The blog has put a lump in my throat and a tear in my eye - what a well-written, beautiful, warm and honest story. Please give Rigsby a hug from me x


----------



## chaps89 (14 October 2021)

What a lovely blog 💕


----------



## Red-1 (17 October 2021)

Rigsby's breathing has been good, he is up for anything, but we have builders in so he has done nothing for 2 weeks, until today. Well, nothing other than supervise the builders. He was very interested in the pouring of concrete and was every bit the site manager. Since his breathing improved, he has been putting weight back on. He is as far as it wants to be now, so his hay will be cut again to maintenance.

It is coming up to mum's internment in the churchyard. Today, I practiced the route with Rigsby and timed it. 15 minutes dead (pardon the pun).

I know this is the right thing, to carry mum there on Rigsby (ashes, obviously, not a whole body!) for her last journey, as it felt very moving just in today's walk round.
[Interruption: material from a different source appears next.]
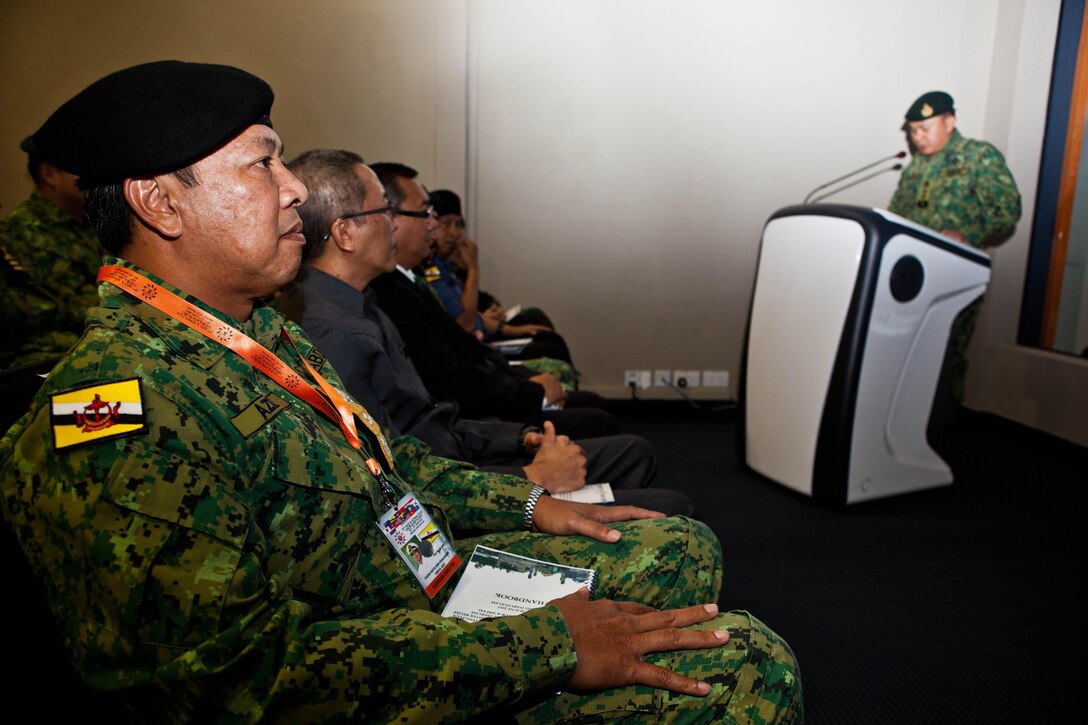 First Adm. Dato Seri Pahlawan Abdul Aziz bin Haji Mohd Tamit, along with other multinational military leaders, attend the opening ceremony to the Association of Southeast Asian Nations Humanitarian Assistance/Disaster Relief and Military Medicine Exercise (AHMX) at the Multinational Coordination Centre in Muara, Brunei Darussalam, June 17. AHMX is a multilateral exercise that provides a platform for regional partner nations to address shared security challenges, strengthen defense cooperation, enhance interoperability and promote stability in the region. Aziz is the Joint Force commander, Royal Brunei Armed Forces.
I  even wondered how I would manage when it was time to hand the ashes over after such a personal time on the journey; now that would be a first for the vicar, I'm sure. a relative refusing to allow the ashes to be interned on the day.

I  shed a tear on the way home.

I took a couple of photos on our practice run, to send to his previous owner, who had messaged enquiring about him. He is wearing a Kimblewick as he has 2 very petite riders, and I don't want any misunderstandings.


----------



## southerncomfort (17 October 2021)

That sounds like a lovely way to honour your mum Red.


----------



## ycbm (17 October 2021)

What a fabulous way for Rigsby  to continue to help you with dealing with the loss of your mother.  It quite brought a tear to my eye,  Red.
.


----------



## Red-1 (24 October 2021)

Building work has not gone well, lost the builders with the work only half done. The yard was dug up, the lawn like a swamp, no drainage, lost cash etc... However, some heroic people have stepped in and we almost have a functional yard. Thank goodness for nice people!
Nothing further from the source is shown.